## Material for the task
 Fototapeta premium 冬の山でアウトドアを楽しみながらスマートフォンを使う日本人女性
==
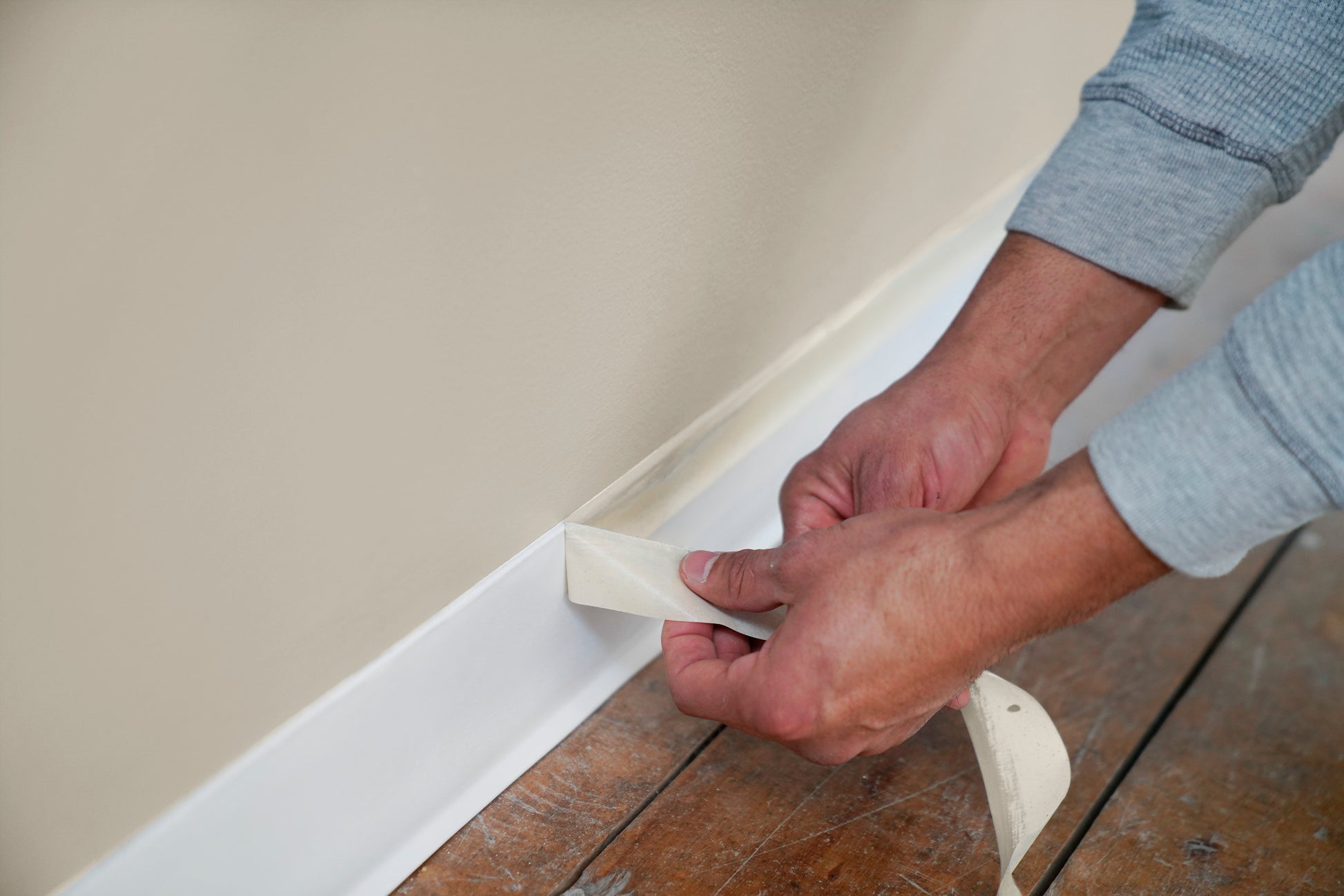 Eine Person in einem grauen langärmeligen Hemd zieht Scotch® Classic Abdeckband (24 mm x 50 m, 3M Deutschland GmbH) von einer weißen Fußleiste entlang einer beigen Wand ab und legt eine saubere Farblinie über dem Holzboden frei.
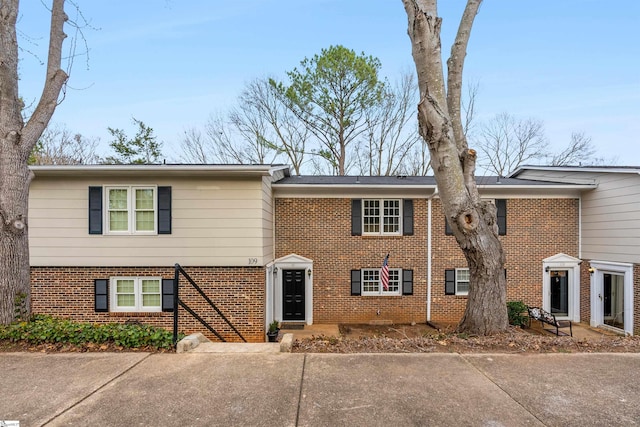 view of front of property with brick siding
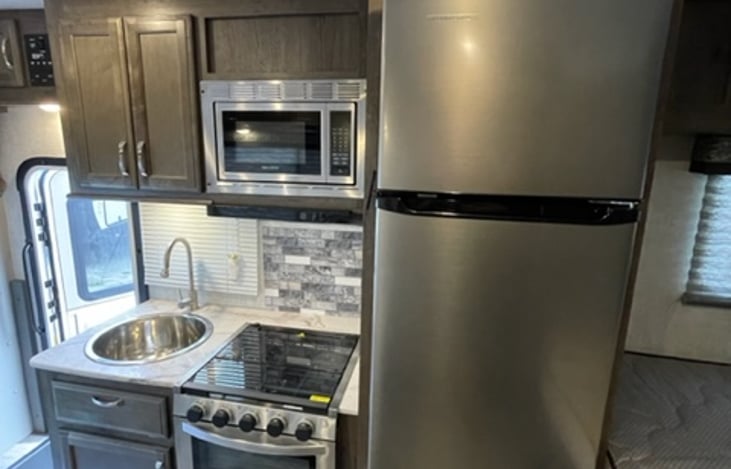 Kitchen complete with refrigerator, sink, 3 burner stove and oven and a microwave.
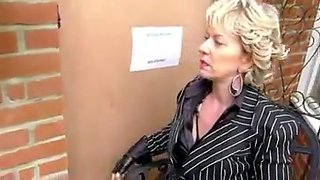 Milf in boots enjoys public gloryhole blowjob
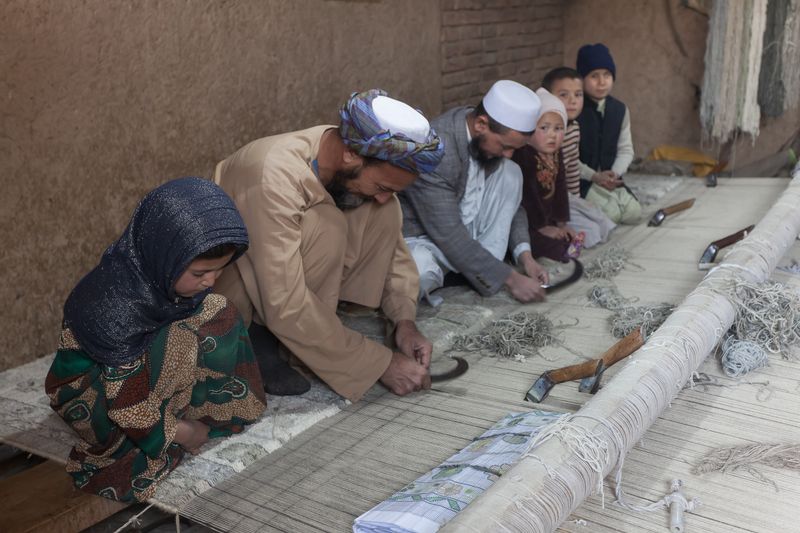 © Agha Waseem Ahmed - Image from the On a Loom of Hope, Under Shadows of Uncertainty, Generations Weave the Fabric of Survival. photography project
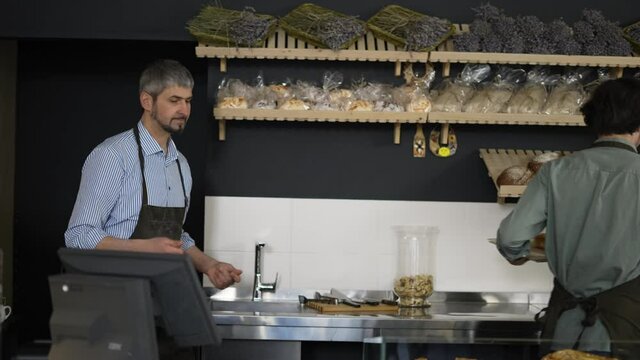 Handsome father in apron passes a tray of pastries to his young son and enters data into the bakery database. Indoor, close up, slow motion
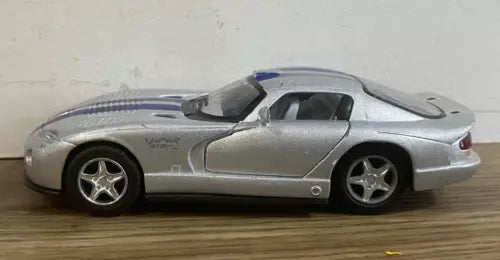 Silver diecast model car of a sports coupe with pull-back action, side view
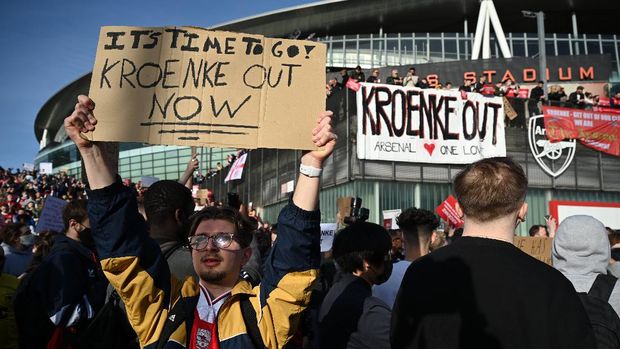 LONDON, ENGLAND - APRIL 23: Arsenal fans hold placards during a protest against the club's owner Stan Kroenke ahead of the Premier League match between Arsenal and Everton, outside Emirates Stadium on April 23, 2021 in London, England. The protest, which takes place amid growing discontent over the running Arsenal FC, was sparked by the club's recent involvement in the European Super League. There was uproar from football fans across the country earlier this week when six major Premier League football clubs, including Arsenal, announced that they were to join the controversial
--
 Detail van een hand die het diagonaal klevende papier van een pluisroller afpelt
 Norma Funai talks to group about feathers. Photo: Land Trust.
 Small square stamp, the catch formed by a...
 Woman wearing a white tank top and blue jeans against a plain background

## Problem requirements
Using the entries above, give back exactly the line containing "Small square stamp, the catch formed by a...", the line containing "Woman wearing a", and every line between them, and nothing else.

## Your response
 Small square stamp, the catch formed by a...
 Woman wearing a white tank top and blue jeans against a plain background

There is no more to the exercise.